To ease the transition from Hadoop Version 1 to YARN, a major goal of YARN and the MapReduce framework implementation on top of YARN was to ensure that existing MapReduce applications that were programmed and compiled against previous MapReduce APIs (we’ll call these MRv1 applications) can continue to run with little or no modification on YARN (we’ll refer to these as MRv2 applications).

Binary Compatibility of org.apache.hadoop.mapred APIs

For the vast majority of users who use the org.apache.hadoop.mapred APIs, MapReduce on YARN ensures full binary compatibility. These existing applications can run on YARN directly without recompilation. You can use .jar files from your existing application that code against mapred APIs, and use bin/hadoop to submit them directly to YARN.

Source Compatibility of org.apache.hadoop.mapreduce APIs

Unfortunately, it was difficult to ensure full binary compatibility to the existing applications that compiled against MRv1 org.apache.hadoop.mapreduce APIs. These APIs have gone through many changes. For example, several classes stopped being abstract classes and changed to interfaces. Therefore, the YARN community compromised by only supporting source compatibility for org.apache.hadoop.mapreduce APIs. Existing applications that use MapReduce APIs are source-compatible and can run on YARN either with no changes, with simple recompilation against MRv2 .jar files that are shipped with Hadoop 2, or with minor updates.
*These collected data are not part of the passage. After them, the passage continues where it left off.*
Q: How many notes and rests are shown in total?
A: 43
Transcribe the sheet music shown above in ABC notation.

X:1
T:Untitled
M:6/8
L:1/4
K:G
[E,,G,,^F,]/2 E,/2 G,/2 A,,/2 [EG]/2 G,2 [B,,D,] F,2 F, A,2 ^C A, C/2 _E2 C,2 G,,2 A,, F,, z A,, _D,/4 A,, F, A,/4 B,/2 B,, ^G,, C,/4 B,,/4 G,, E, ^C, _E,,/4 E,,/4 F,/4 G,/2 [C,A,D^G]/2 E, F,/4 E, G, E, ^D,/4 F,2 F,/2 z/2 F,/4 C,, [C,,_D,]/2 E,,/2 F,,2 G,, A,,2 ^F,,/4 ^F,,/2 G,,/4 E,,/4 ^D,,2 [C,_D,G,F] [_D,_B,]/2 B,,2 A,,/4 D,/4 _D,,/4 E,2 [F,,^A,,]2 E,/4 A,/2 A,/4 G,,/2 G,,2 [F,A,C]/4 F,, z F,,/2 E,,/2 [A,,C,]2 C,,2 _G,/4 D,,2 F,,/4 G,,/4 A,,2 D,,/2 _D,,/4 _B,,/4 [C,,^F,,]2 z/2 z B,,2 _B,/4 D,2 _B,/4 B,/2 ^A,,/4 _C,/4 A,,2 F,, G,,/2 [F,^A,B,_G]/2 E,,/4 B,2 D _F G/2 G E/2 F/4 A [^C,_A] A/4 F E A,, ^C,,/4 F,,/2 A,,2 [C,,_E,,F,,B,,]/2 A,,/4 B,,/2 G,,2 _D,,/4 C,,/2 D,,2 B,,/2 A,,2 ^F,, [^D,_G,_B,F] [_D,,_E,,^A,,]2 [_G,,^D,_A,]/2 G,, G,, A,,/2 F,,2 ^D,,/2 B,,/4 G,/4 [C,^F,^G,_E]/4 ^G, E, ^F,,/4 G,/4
Compatibility of Command-line Scripts

Most of the command line scripts from Hadoop 1.x should simply just work. The only exception is MRAdmin, which was removed from MRv2 because JobTracker and TaskTracker no longer exist. The MRAdmin functionality is now replaced with RMAdmin. The suggested method to invoke MRAdmin (also RMAdmin) is through the command line, even though one can directly invoke the APIs. In YARN, when MRAdmin commands are executed, warning messages will appear reminding users to use YARN commands (i.e., RMAdmin commands). On the other hand, if applications programmatically invoke MRAdmin, they will break when running on YARN. There is no support for either binary or source compatibility.

Compatibility Trade-off Between MRv1 and Early MRv2 (0.23.x) Applications

Unfortunately, there are some APIs that are compatible with either MRv1 applications, or with early MRv2 applications (in particular, the applications compiled against Hadoop 0.23), but not both. Some of the APIs were exactly the same in both MRv1 and MRv2 except for the return type change in method signatures. Therefore, it was necessary to make compatibility trade-offs the between the two.

  • The mapred APIs are compatible with MRv1 applications, which have a larger user base.

  • If mapreduce APIs didn’t significantly break Hadoop 0.23 applications, they were made to be compatible with 0.23, but only source compatible with 1.x.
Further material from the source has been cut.